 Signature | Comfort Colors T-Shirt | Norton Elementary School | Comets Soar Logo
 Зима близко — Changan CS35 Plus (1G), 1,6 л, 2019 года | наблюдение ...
---
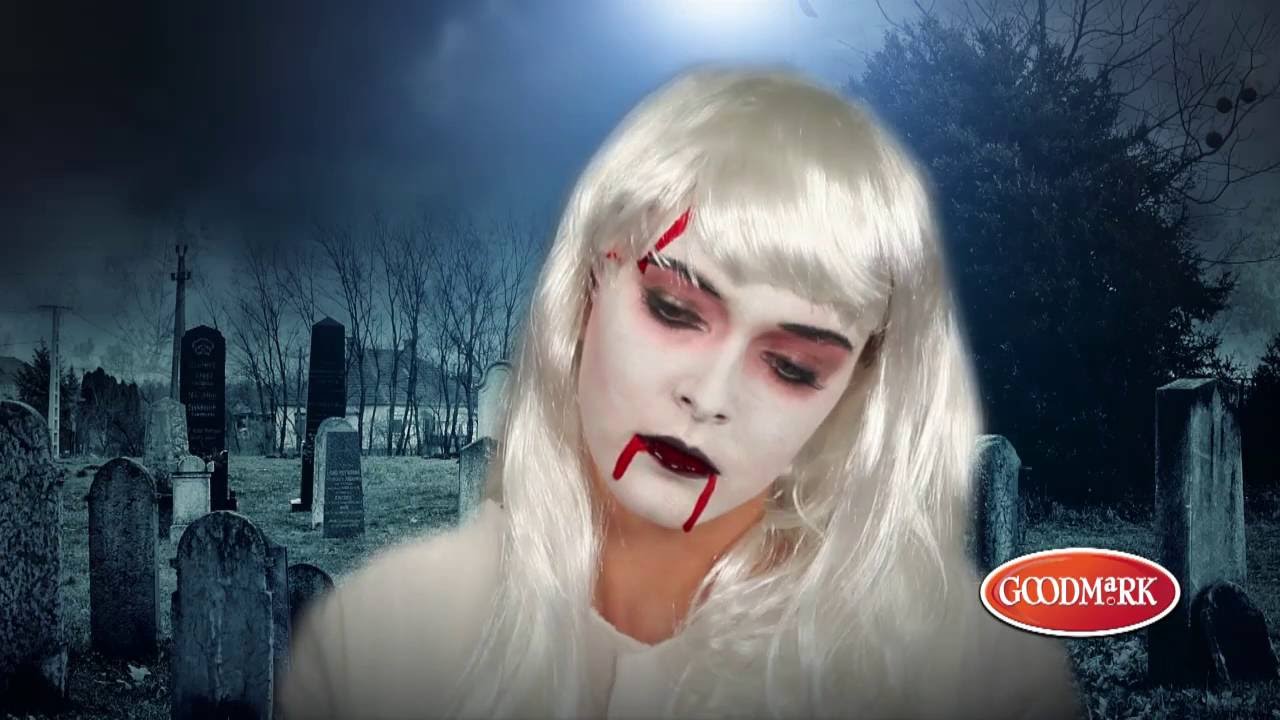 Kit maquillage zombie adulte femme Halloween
---
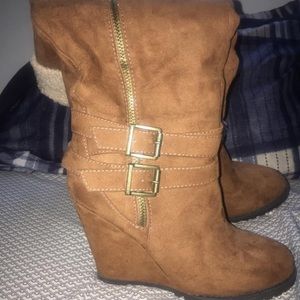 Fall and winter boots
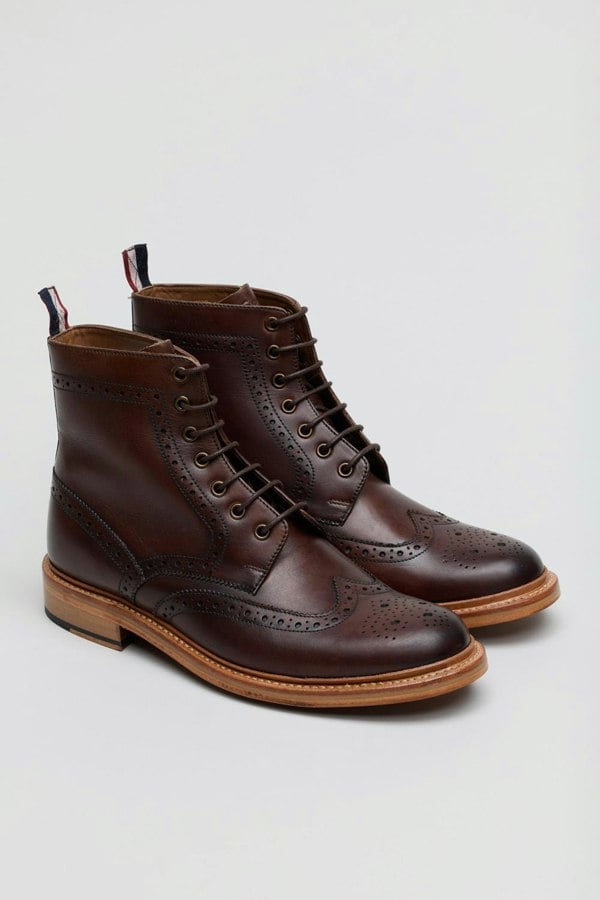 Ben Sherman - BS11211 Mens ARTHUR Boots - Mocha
---
Task goal
Taking the material above, extract exactly and only the lines from the line with "Signature | Comfort" to the line with "Зима близко —", inclusive of both.

The answer
 Signature | Comfort Colors T-Shirt | Norton Elementary School | Comets Soar Logo
 Зима близко — Changan CS35 Plus (1G), 1,6 л, 2019 года | наблюдение ...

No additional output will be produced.